WORK ORDER:
Copy out the full listing exactly, omitting any picture it contains.

DATA UNDER STUDY:
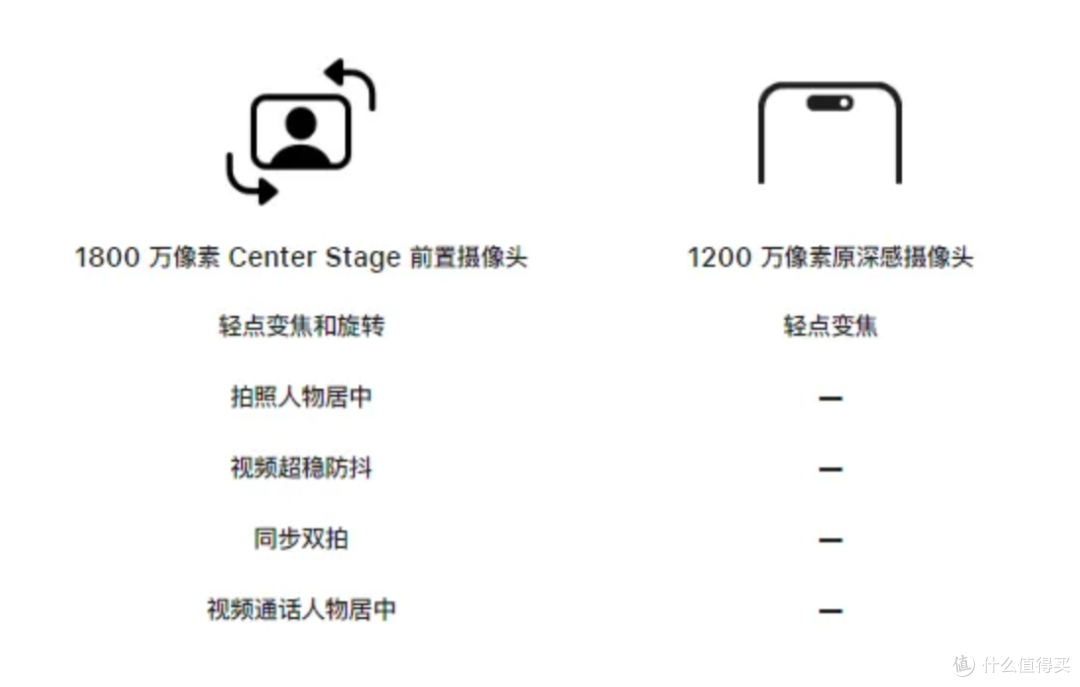 iPhone 17来了!国补后5499元,苹果这次终于良心了?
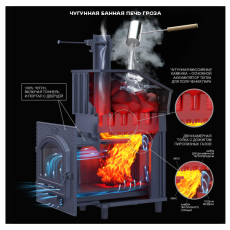 Комплект Гроза 24(М) Президент Змеевик в Слониме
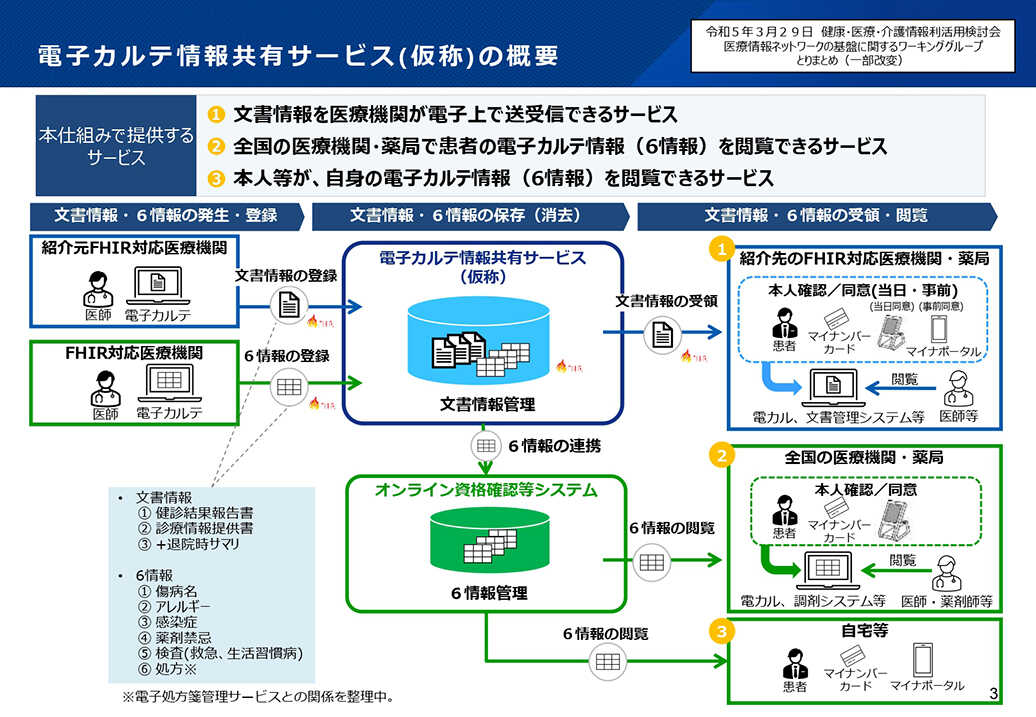 電子カルテ情報共有サービス（仮称）の概要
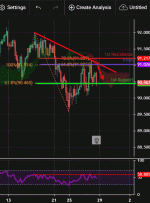 CADJPY، H4 |  پتانسیل برای شیب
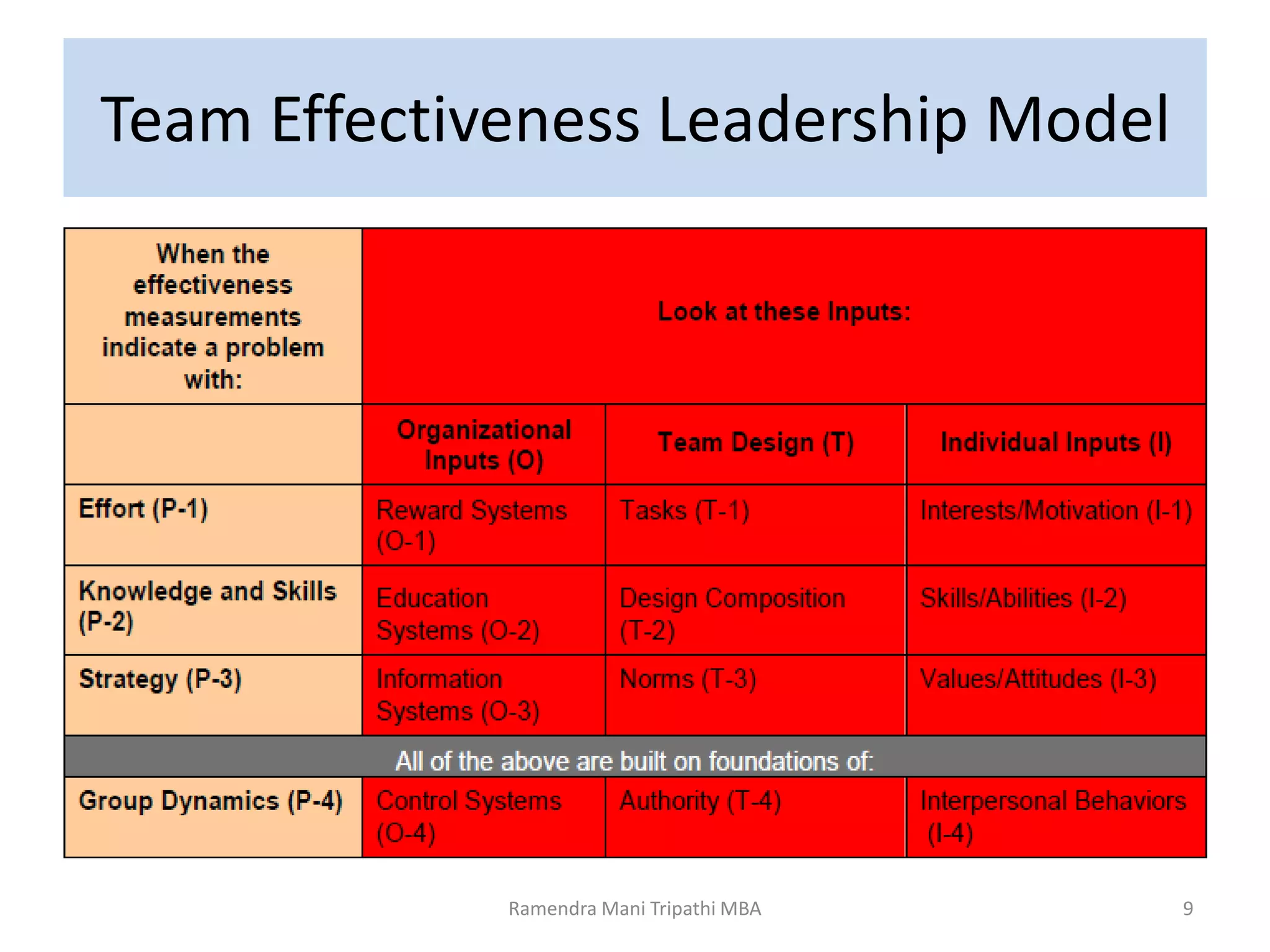 Team Effectiveness Leadership Model
9Ramendra Mani Tripathi MBA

RESPONSE AREA:
 iPhone 17来了!国补后5499元,苹果这次终于良心了?
 Комплект Гроза 24(М) Президент Змеевик в Слониме
 電子カルテ情報共有サービス（仮称）の概要
 CADJPY، H4 |  پتانسیل برای شیب
 Team Effectiveness Leadership Model
9Ramendra Mani Tripathi MBA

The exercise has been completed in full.